On his pessimistic view of reality and the transcendental philosophy

Firstly Schopenhauer sets his negative view by the premise that life is full of suffering which he comes to by his observations. Yet such knowledge can truly be known for Schopenhauer if one has the transcendental view of reality. Since he says “Every man takes the limits of his own field of vision for the limits of the world … this explains … the fact that everyone measures us with his own standard.” Here he says that the average man judges the world from his own limits, and Schopenhauer would say that he is not the average man as he has the transcendental view of reality. Yet, I believe for him to truly know that he has the transcendental view of reality; he must first know the pessimistic view of life being full of suffering which brings the argument into circularity. As for him to know that life is full of suffering he has to know that he is not the average man and rather holds the transcendental view of reality. Yet for him to have the transcendental view of reality exists he must first know that life is full of suffering as it is a bi-product of his pessimistic view. Thus for Schopenhauer, he can never truly know the nature of life to be full of suffering.

So do I have something here or am I just rambling? (Oh by the way, I have only read his “Studies in Pessism” so if you are using another point of his to refute my objection, the source would be much appreciated.
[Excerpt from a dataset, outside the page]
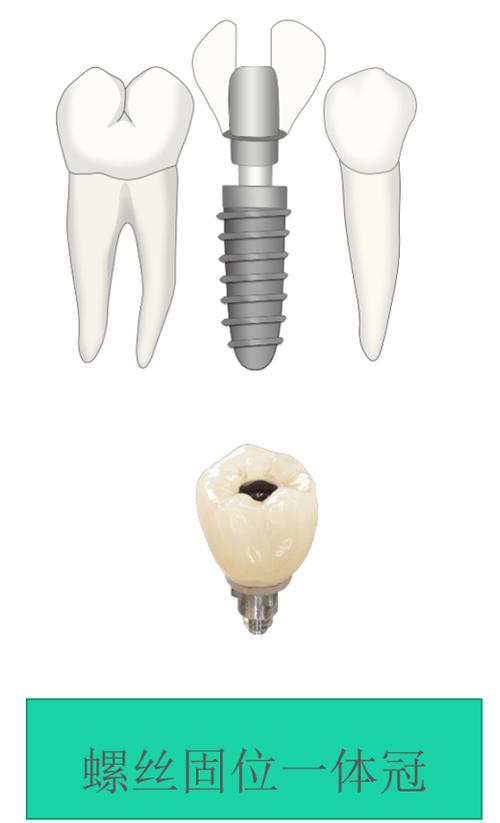 种牙种植冠选哪种好？材质选择有哪些讲究？-图3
Schopenhauer answers this in the very last pages of “The World as Will and Representation” volume 1, and in volume 2 of the book with the same title in the chapter “On the Doctrine of the Denial of the Will to Live” (I think that’s the name of it). He claims philosophers, as opposed to mystics, can only understand the pessimism of the world through theoretical knowledge or abstract conceptions, whereas mystics, (Buddhist, Hindu, and Christian ascetics) intuitively know that the world is a place of suffering. Mystics, through their God or asectic practices, know that the world is suffering and that the only solution is the path to ‘nothingness’. Whereas for Schoponhauer, and all other philosophers like him, they can only understand the pessimism of the world through experience. Schopenhauer then proceeds to ‘metaphysicalize’ his personal journey by explaining the insatiability of the will.

Does this help?

well I understand what your saying, but that doesn’t say anything against my argument that Schopenhauer can’t know the true state of life, being the Philosopher that he is.

While under the influence of ‘the will’, Schopenhauer cannot know the ‘true state of life’, but once he supresses ‘the will’ to the point of non-existence, he sees or knows the ‘true state of life’.